1. Suppose we are interested in the following task: "Which products are bought together by the same user?". We intend to use this information to recommend product B to users that bought product A. Given this, write the sketch of the SQL join operation (we are not interested in the exact syntax, just the idea is enough).

1. Considering the task in (3), how many GNN layers do we need?

## What about AGG?

We consider a 1-layer GNN operating on the entity graph.

Initial node features:

- User nodes: $h_u^{(0)} = 1$
- Sale nodes: $h_s^{(0)} = \text{price}$
- Product nodes: ignored for now

Aggregation rule (simple, no activation):

$$h_u^{(1)} = W \cdot \sum_{s \in \mathcal{N}(u)} h_s^{(0)}$$

with scalar $W = 0.1$.

1. What classical SQL feature does this GNN layer resemble?

1. What would change if we replaced `SUM` with `MEAN`? (Hint: consider the node degrees)

1. Construct two different purchase histories that result in the same $h_u^{(1)}$. What does this tell you about the expressive power of this GNN layer?

## Temporal Tasks

We consider the same entity graph as before, but now each sale has a timestamp. Each sale node $s$ has:

- feature: $h_s^{(0)} = \text{price}$
- timestamp: $\tau_s$

We want to predict whether a user will churn at time $t$.

1. For a fixed user $u$ and prediction time $t$, which sale nodes should be included in the neighborhood $\mathcal{N}_t(u)$?

1. Suppose we mistakenly include all sales of a user, what would be the issue?

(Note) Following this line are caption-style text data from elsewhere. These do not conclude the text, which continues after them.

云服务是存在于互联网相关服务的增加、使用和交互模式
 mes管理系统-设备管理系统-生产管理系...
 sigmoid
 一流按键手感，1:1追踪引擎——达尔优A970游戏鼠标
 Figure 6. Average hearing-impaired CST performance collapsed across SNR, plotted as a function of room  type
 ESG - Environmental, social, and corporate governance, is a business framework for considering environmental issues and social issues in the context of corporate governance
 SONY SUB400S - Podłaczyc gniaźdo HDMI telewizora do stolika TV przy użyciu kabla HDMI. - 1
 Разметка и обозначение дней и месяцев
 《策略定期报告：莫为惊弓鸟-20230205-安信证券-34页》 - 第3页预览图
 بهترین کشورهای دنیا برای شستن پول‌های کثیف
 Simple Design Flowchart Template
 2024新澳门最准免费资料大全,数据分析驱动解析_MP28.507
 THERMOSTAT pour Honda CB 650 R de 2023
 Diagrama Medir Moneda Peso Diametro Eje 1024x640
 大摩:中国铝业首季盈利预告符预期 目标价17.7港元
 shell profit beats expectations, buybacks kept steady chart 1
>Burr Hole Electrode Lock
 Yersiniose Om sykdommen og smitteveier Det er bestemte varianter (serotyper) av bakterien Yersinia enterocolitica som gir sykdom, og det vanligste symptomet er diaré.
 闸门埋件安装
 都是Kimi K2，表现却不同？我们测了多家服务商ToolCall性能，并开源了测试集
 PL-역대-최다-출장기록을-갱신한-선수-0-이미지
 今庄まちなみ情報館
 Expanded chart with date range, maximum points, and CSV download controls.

1. Given our task, we believe that recent purchases should matter more than older ones. The current aggregation rule is:

    $$h_u^{(1)} = W \cdot \sum_{s \in \mathcal{N}_t(u)} v_s$$

    which ignores timestamps.

    Propose a modified aggregation rule that takes timestamps into account and assigns higher importance to more recent sales. Briefly explain how your aggregation captures recency.